The combined carrier would be known as American Airlines, and would use the new logo and color scheme already unveiled by American. The updated logo looks like a sleek eagle with one red and one blue wing. And American's planes are being painted with new red, white and blue stripes on their tails.
What's likely to happen to fares?
With oil prices generally heading higher, airlines are looking to nudge up fares this year. If American and US Airways were to trim the dozen flights where they overlap, passengers would see less competition, which could create even more upward pressure on fares.
But the number of carriers isn't the only factor in pricing. During the Great Recession, airline consolidation increased but fares ticked down. That's because travelers were staying home and oil prices were easing.
In any case, with this merger, the Justice Department probably would try to minimize harm to consumers by insisting American give up some airport slots to competitors. For example, the Justice Department is widely expected to insist the combined carrier surrender some of its slots to competitors at Reagan Washington National Airport. American and US Airways together would be too dominant at that airport if they were allowed to keep all of the operations they now have there.
Also, airline mergers are complicated because of labor contracts, and they tend to play out over many years, so changes come slowly.
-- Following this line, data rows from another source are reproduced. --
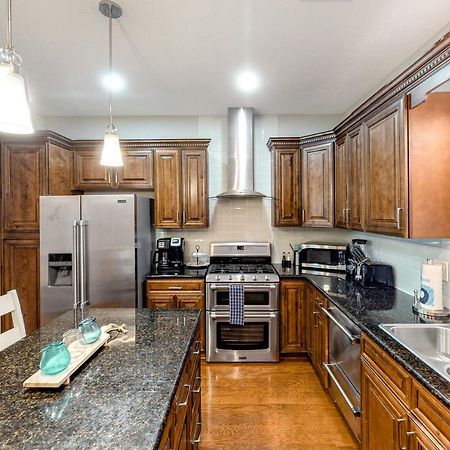 Craftsman On Seawall غالفيستون، تكساس المظهر الخارجي الصورة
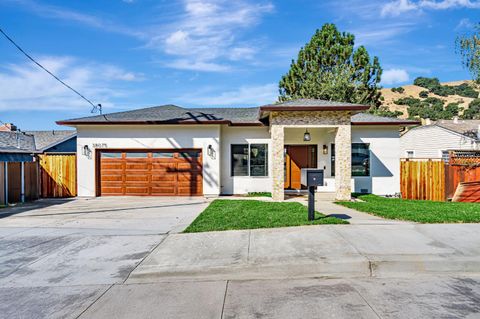 38075 Stenhammer Drive Fremont CA 94536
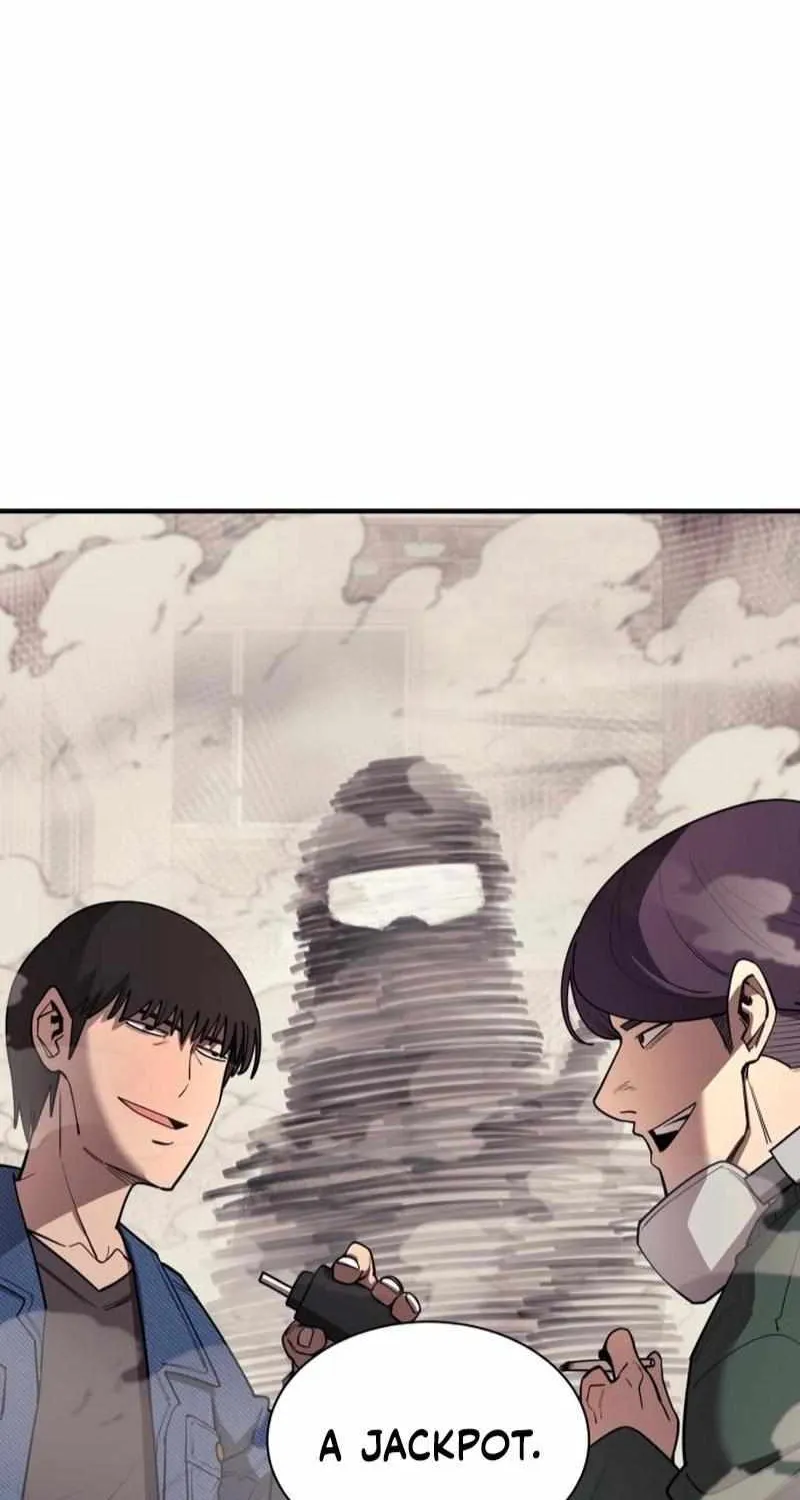 The School Life of the Earth Leader Chapter 15 page 27 -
Any fare hike may well be a couple of years away.
What will this mean for frequent fliers?
This merger could have upsides. Whenever customer-loyalty programs get combined, there are lots of details to work out, so the exact outcome is far from clear. In a news release, the companies said: "All miles in both programs will continue to be honored. Upon merger approval, additional information will be provided to customers of both frequent flyer programs ..."
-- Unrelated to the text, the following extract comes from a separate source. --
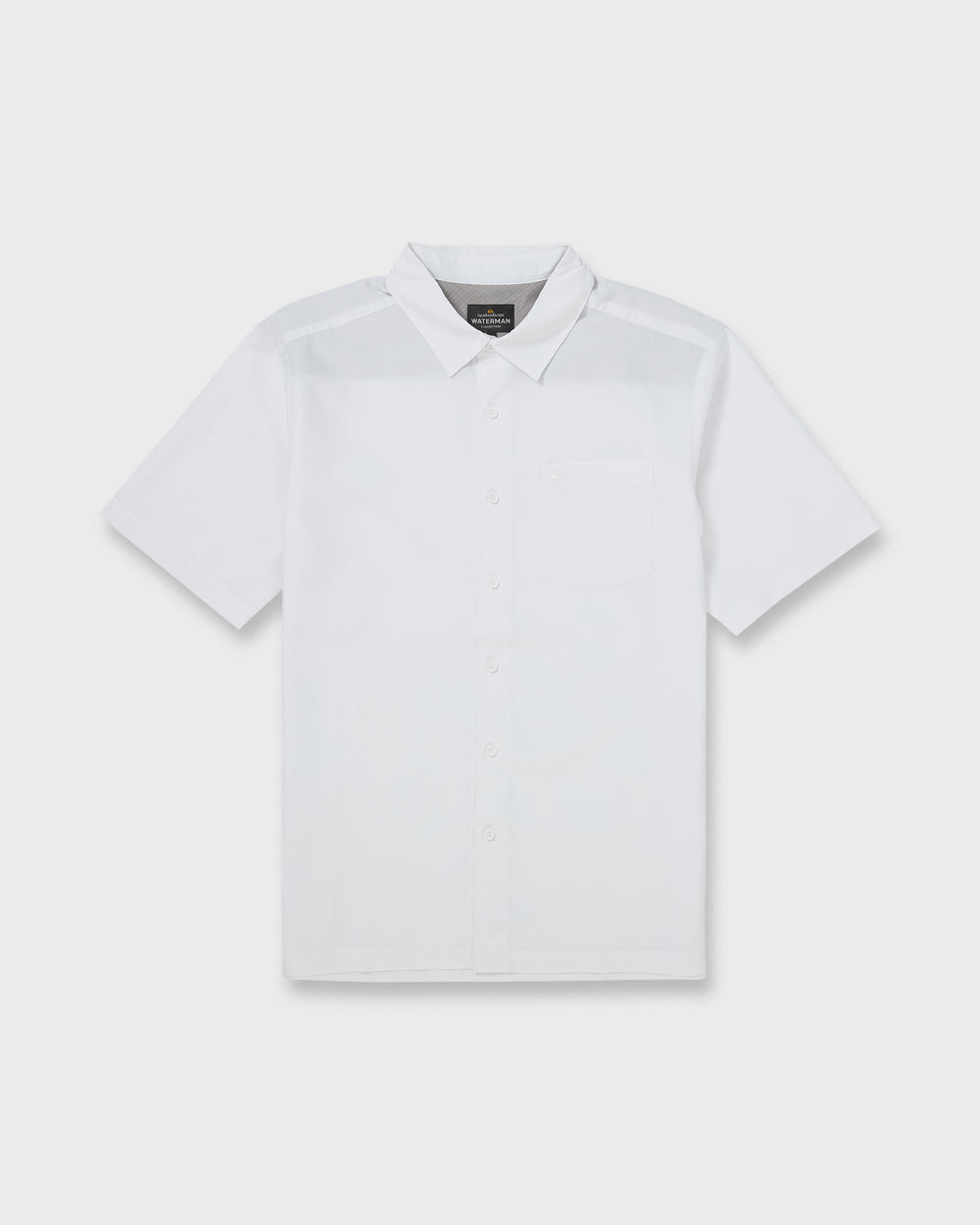 Waterman Centinela Premium Anti-Wrinkle Shirt - White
It seems likely American's AAdvantage program would survive, and the new company would honor mileage accrued through US Airways' Dividend Miles program.
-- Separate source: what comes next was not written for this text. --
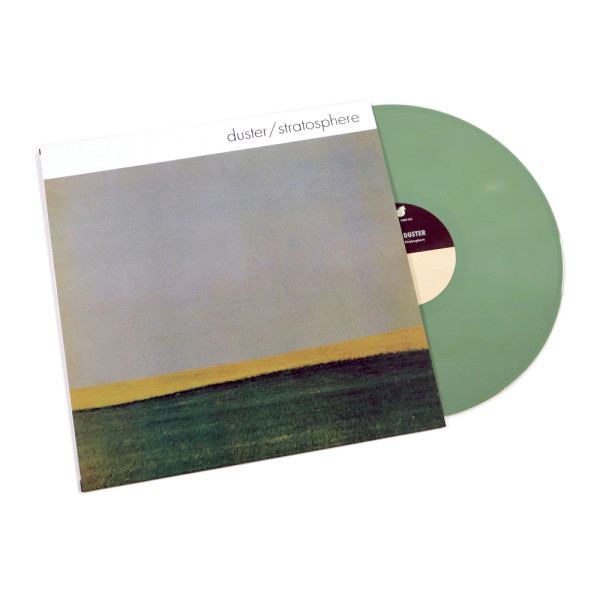 Duster – Stratosphere (Vinyl, LP, Album, Limited Edition, Green Opaque "Topical Solution")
So if you had lots of miles on each of the carriers, the combined total could get you rewards more quickly. And because of the huge route structure, you'd have more places to go on your free reward trips.
Would there be any improvement in service?
Whenever airlines merge, there can be lots of short-term problems as staffs and customers get used to the new order. For example, combining online booking systems can produce glitches. But eventually bugs can get worked out.
Surveys suggest service has been poor at American in recent years amid union troubles. With US Airways CEO Doug Parker emerging as the combined company's leader, American's service may eventually improve. Under Parker's leadership, US Airways has put together a notably better record than American in terms of on-time arrivals.
What would a merger mean for the hub cities?
American has hubs in Dallas/Fort Worth, Chicago, Los Angeles, New York's JFK airport and Miami. US Airways has hubs in Phoenix, Philadelphia and Charlotte. Of those locations, the one most likely to see service cuts in coming years would be Phoenix. With major operations in Dallas and Los Angeles, a Phoenix hub may lose importance.
At the very least, Arizona would take a hit in terms of employment and prestige because the combined company's headquarters would be set up in Fort Worth, not Tempe.
How would this affect international flights?
Both US Airways and American have flights to Europe, Latin America, Africa and throughout North America and the Caribbean. But they lack service to Asia, the world's fastest-growing travel market.
Would this merger end industry consolidation?
It would mark the end of the big deals. Since terrorist attacks shook up the airline industry in 2001, U.S. carriers have been going bankrupt, merging, cutting and doing whatever they can to survive. Assuming this latest merger goes through, the industry will have seen 10 big carriers boil themselves down to just four — American, United, Delta and Southwest — in a dozen years.
Still, there are smaller carriers out there that could be involved in yet more mergers, such as Alaska Airlines and Frontier Airlines. So this latest deal wouldn't necessarily end the industry's move toward fewer competitors with bigger route systems.